Monday, May 12, 2008
Monday, January 14, 2008
WEB-BASED METADATA ADMINISTRATION SYSTEM
WEB-BASED METADATA ADMINISTRATION SYSTEM
Durgendra Man Kayastha
Chief Survey Officer,
NGIIP, Survey Department, Nepal
digimap@wlink.com.np
KEY WORDS: Metadata, Geospatial data search
ABSTRACT: Metadata forms the basis for exploring data. A well structured and detailed metadata supports exploring the existence of a data set, suitability of datasets for the intended application, and also finding out the ways to obtain such a dataset. One of the fundamental purposes of establishing a geospatial information infrastructure is to provide an easy means to supporting such an activity of data mining/exploration etc. National Geographic Information Infrastructure Programme, Survey Department (NGIIP/SD), Nepal is working towards the development of a web-based metadata administration system concerning geospatial data in Nepal. The system was XML based and built upon open source software technology.
This paper describes the content standards adapted followed by system prototype.
1. Introduction
Geo-spatial data are often required for different purposes to users. Consequently collection of such data proceeds with the methods probably most suitable for the intended application. In general, data collected for one particular application could be made useful to scores of other applications. Hence, such dataset should be made available to other users as easily as possible.
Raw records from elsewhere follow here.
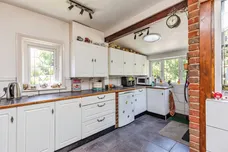 Briar Close, Fairlight, Hastings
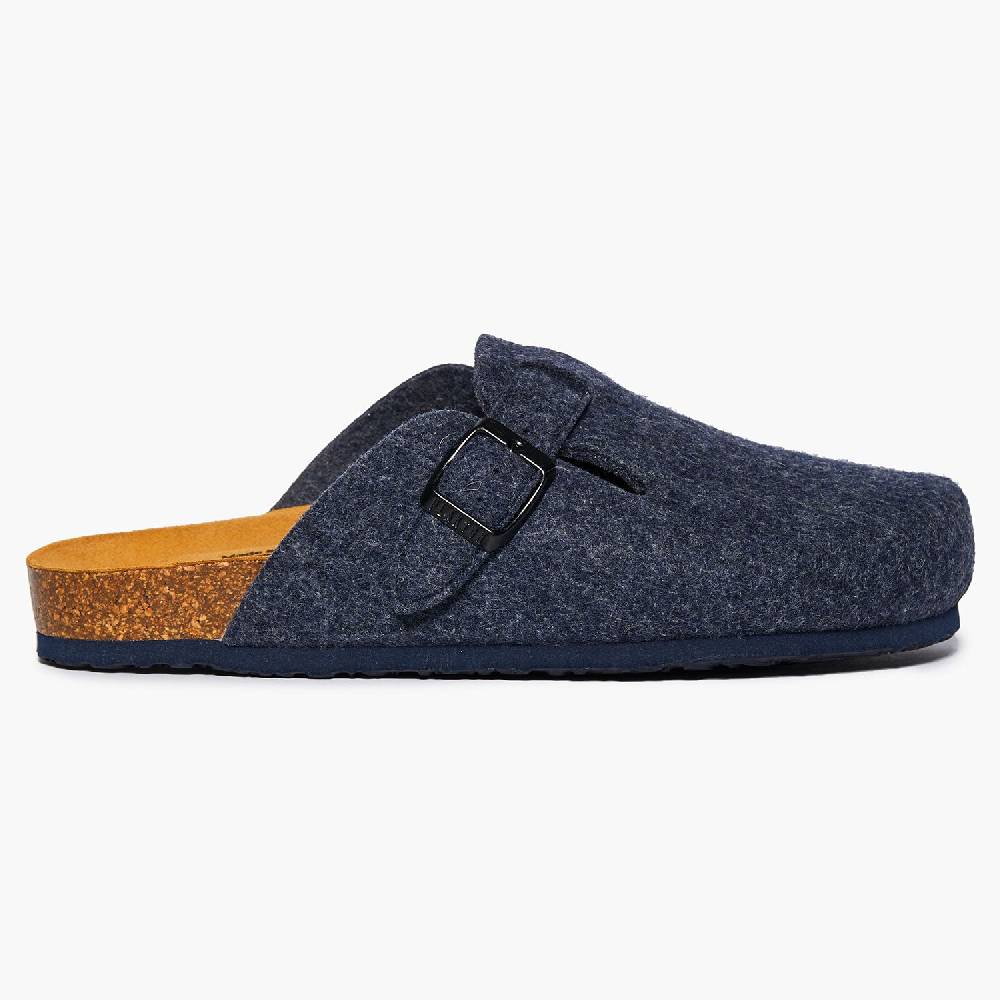 Plakton Blog Marineblaue Wolle Hotsell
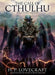 The Call of Cthulhu and Other Stories: Illustrated by Martin Bustamante by H. P. Lovecraft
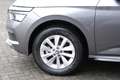 Skoda Kamiq Top Selection 1.0 TSI AHK LED App-Navi Sitzheiz... Grau - thumbnail 21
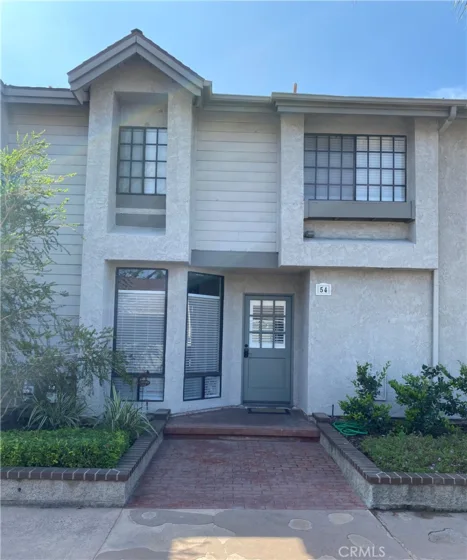 2220 E Chapman Avenue #54 photo 1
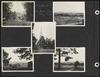 79680-Thumbnail Image.jpg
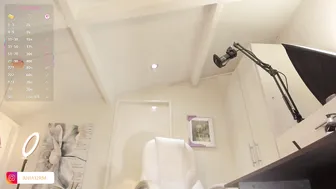 missketzaly recorded nude video 246022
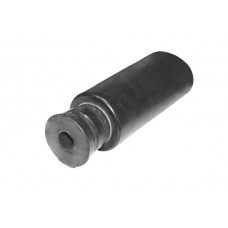 TED60263 TEDGUM Пилозахисний комплект амортизатор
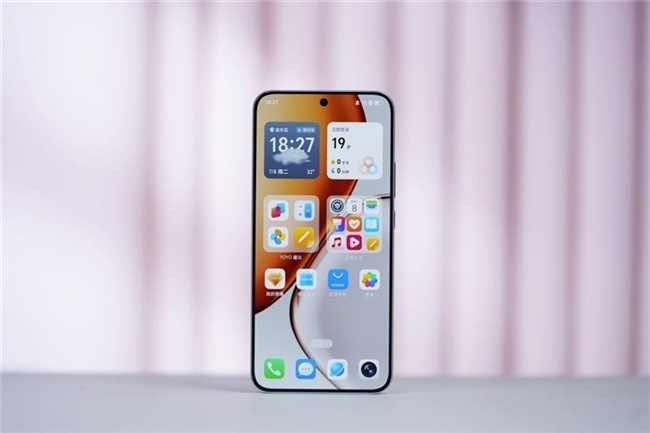 1000元手机选购指南 父母用机推荐 防摔防水大电池(图2)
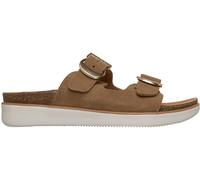 Skechers Sandales Skechers Lifted Comfort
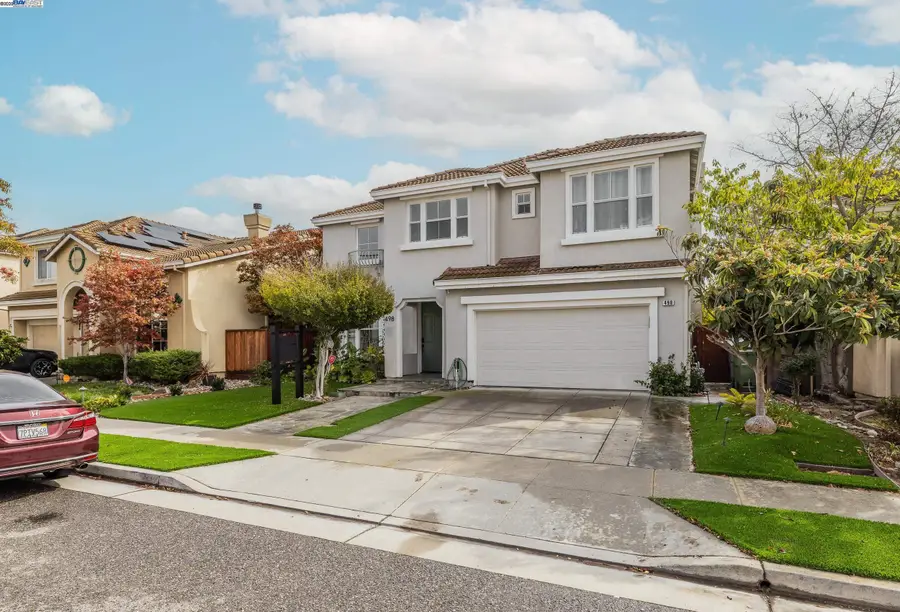 498 Esplanade Ln, San Jose, CA 95138 - Image #2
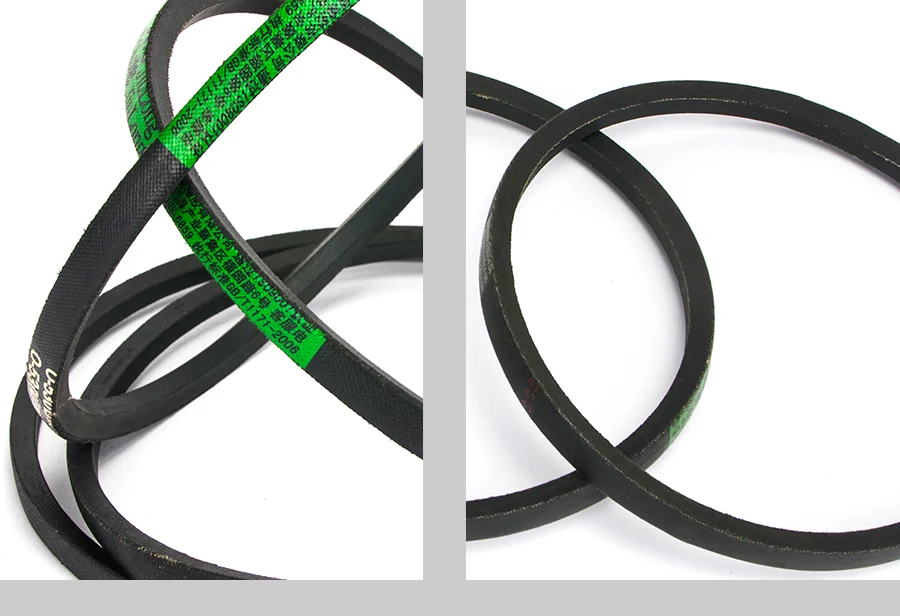 v-belt (28)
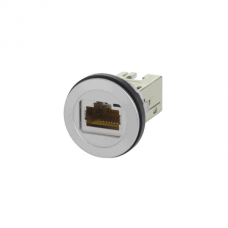 har-port RJ45 coupler Cat.6A - 09454521560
It is generally found that the data collected and maintained by one agency was not known to other agency or may be difficult to obtain such data due to several reasons. In many cases the other users even have no option of finding out the suitability of such data maintained by other agencies in case of availability too. This generally leads to collection and maintenance of data by individual agencies on their own, probably duplicating the data itself. Such situation can be avoided or the problems can be minimized by setting up a metadata system and thus making suitable provision for sharing the information among the users in the framework of a national geographic information infrastructure. The following sections describe the content of the metadata adopted by the NGIIP/SD and the implementation of the system.
2. Metadata Content
Metadata serves several important purposes including data browsing, data transfer, and data documentation. Considering the usability of existing dataset, metadata could be maintained at several levels of complexities. In the basic form, metadata might consist of a simple listing describing basic information about available data, whereas detailed information may be included about individual dataset. The Content Standards for Digital Geospatial Metadata (CSDGM) of the Federal Geographic Data Committee, US, specifies some 334 different metadata elements for a set of geospatial data. The purpose of the content standards is to provide a common set of terminology and definitions for documentation related to these metadata. Information about what elements of the metadata is mandatory, optional, repeatable, or one of a choice are encoded in the production rules of the CSDGM. ANZLIC Working Group, on the other hand proposed considerably a smaller subset as core metadata elements.
The content of the NGIIP/SD metadata contains only 176 elements mostly taken from the CSDGM/FGDC and few elements are taken from ESRI’s adaptation. Besides, variations have also been made in the production rules such as removing certain mandatory elements and also limiting the number of entries. For example, only two addresses are allowed whereas unlimited numbers of address are allowed in the FGDC specifications. Similarly, only 10 attributes are allowed in this system as opposed to unlimited attributes in the CSDGM/FGDC specifications. These limitations are made to simplify the situation from the practical standpoint only which after evaluating the system could be changed in future. Yet, the basic structure of the content remains the same as of CSDGM/FGDC.
3. System Context
The overall system context is shown in figure 1.
Web Client: The actual user interface enables users to Add/Edit metadata along with features to query for desired data in the network and other features.
Gateway: Provides interfaces to client, respond to clients and connects the client to different services available.
Catalogue Service: Provides features to search, retrieve and display metadata.
Building metadata repository.
Metadata Service: Enables adding/editing metadata. Contains Interfaces/APIs allows to enter metadata and create XML files.
Metadata DB : Metadata repository. Stores all XML files as a single repository.
Data Access Service: Data download and/or interactive session
Webmaping Service: Interactive session through Data Access Service

4. System Functionality
The system was developed basically to allow the following activities:
1. Metadata service,
4.1 Metadata Service System
This service allows any users with valid username and password to create and edit metadata. User starts by entering metadata file identification details namely File ID and Title. One can add metadata either using the forms provided (figure 2) or directly upload an XML file (Figure 3). This service generates an XML file in the case where users chose the form inputs). The system adds the XML file to a temporary repository for approval by administrator.
The user could edit the previously submitted metadata by invoking the edit module which involves retrieving the data, editing and resubmitting the metadata. The system will add edited metadata to a temporary XML repository for approval by administrator.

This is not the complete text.